CinéCinéphile

Quelques mots, sur ces œuvres que nous découvrons depuis le Québec ou la France, sur notre écran d'ordinateur ou dans notre salle de cinéma favorite.

Mafia inc, Podz à la conquête d’un territoire contrôlé avec un vrai film de gangster

Synopsis : « Les Gamache, tailleurs de père en fils, habillent la famille mafieuse Paternò depuis trois générations. Leurs enfants sont issus du même quartier, des mêmes écoles. Vincent « Vince » Gamache travaille pour le compte du parrain Frank Paternò et de son fils aîné Giaco, alors que sa soeur Sofie fréquente Patrizio, le cadet de la famille Paternò. Vince, téméraire et impétueux, monte un grand coup pour impressionner le parrain, attisant la jalousie de Giaco. La guerre éclate. Tous doivent choisir leur camp, Paternò ou Gamache. D’un côté comme de l’autre, il y a un prix à payer. Un prix colossal… »

Les lumières de la salle de cinéma s’allument, tu te repositionnes sur ton siège pour avoir fière allure parce que la position “je m’installe comme à la maison” ce n’est pas trop ça, et là, ton ami(e) se retourne vers toi et te pose la question fatidique…

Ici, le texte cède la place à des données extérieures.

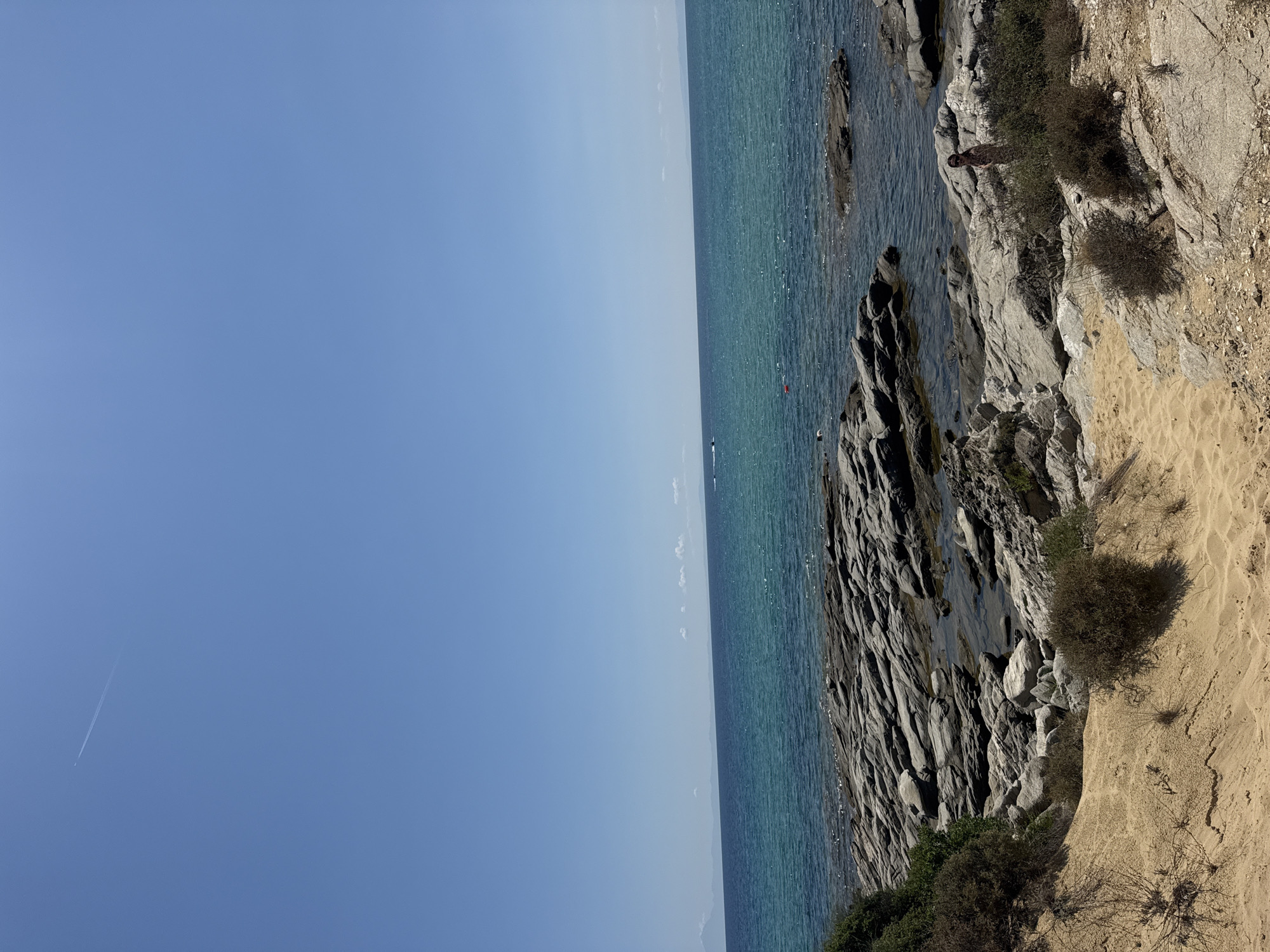 A wide-angle shot captures a serene coastal scene in Nea Peramos, Greece. The sky is a clear, expansive blue, with a faint contrail from an airplane visible in the upper left corner. Below, the turquoise waters of the Aegean Sea gently lap against a rocky shoreline. The foreground features a sandy path leading down towards the water, bordered by dry, scrubby bushes. Large, grey rocks are scattered along the beach and in the shallow water, some smooth and others jagged. In the distance, the coastline is visible as a faint, hazy line against the horizon. A small red buoy floats in the water. A lone individual, partially obscured by vegetation on the right side of the frame, stands amidst the rocks, appearing to be observing the sea.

Le film de mafia, beaucoup s’y sont confrontés, peu sont restés. Il est un genre à part entière, un genre qui, contrairement aux autres, repose avant tout sur un archétype bien précis et se voit fondamentalement confronter à des références. Plus que des références, des films qui ont marqué les mémoires. Des films dont la simple prononciation du titre fait résonner en chacun de nous un souvenir marquant. Un nom de personnage, un acteur, une actrice, un dialogue, une interprétation, une image, une séquence, une idée de mise en scène ou de réalisation. Faire un film de mafia c’est se heurter à une confrontation déloyale, c’est se heurter à un pan du cinéma plus communément appelé The Godfather. Fresque monumentale à la richesse abyssale, tant pour l’œil d’un cinéphile aguerri que pour le grand public, si l’on peut ne pas aimer, il est difficile (impossible ?) de contredire celui qui ose déclamer que ce n’est pas qu’un film. Une trilogie qui a marqué des générations entières de spectateurs ; une trilogie qui a influencé –volontairement ou involontairement- des générations entières de cinéastes ; une trilogie qui a fondée, et/ou mis en exergue, l’archétype même de ce qu’est devenu le film de mafia. Si du côté américain on retiendra Martin Scorsese, Brian de Palma ou encore Sergio Leone, avec à leur tête des œuvres qui ont permis au genre de se développer et au spectateur d’y prendre goût tout en conservant dans un coin de sa tête, des idées et images de la trilogie de Francis Ford Coppola, il faut partir vers l’Europe et plus précisément l’Italie pour trouver la relève moderne. De Marco Bellocchio à Stefano Sollima, la relève est italienne, là où du côté de l’Amérique, difficile de trouver celui ou celle qui saura donner un peu de sang neuf à un genre qui en a bien besoin. On n’omettra évidemment pas la grande période française (avec à sa tête le cinéaste Henri Verneuil), qui précédait la sortie des films de Francis Ford Coppola. Aujourd’hui, le film de mafia ronronne et se cantonne à refaire ce que d’autres ont déjà fait.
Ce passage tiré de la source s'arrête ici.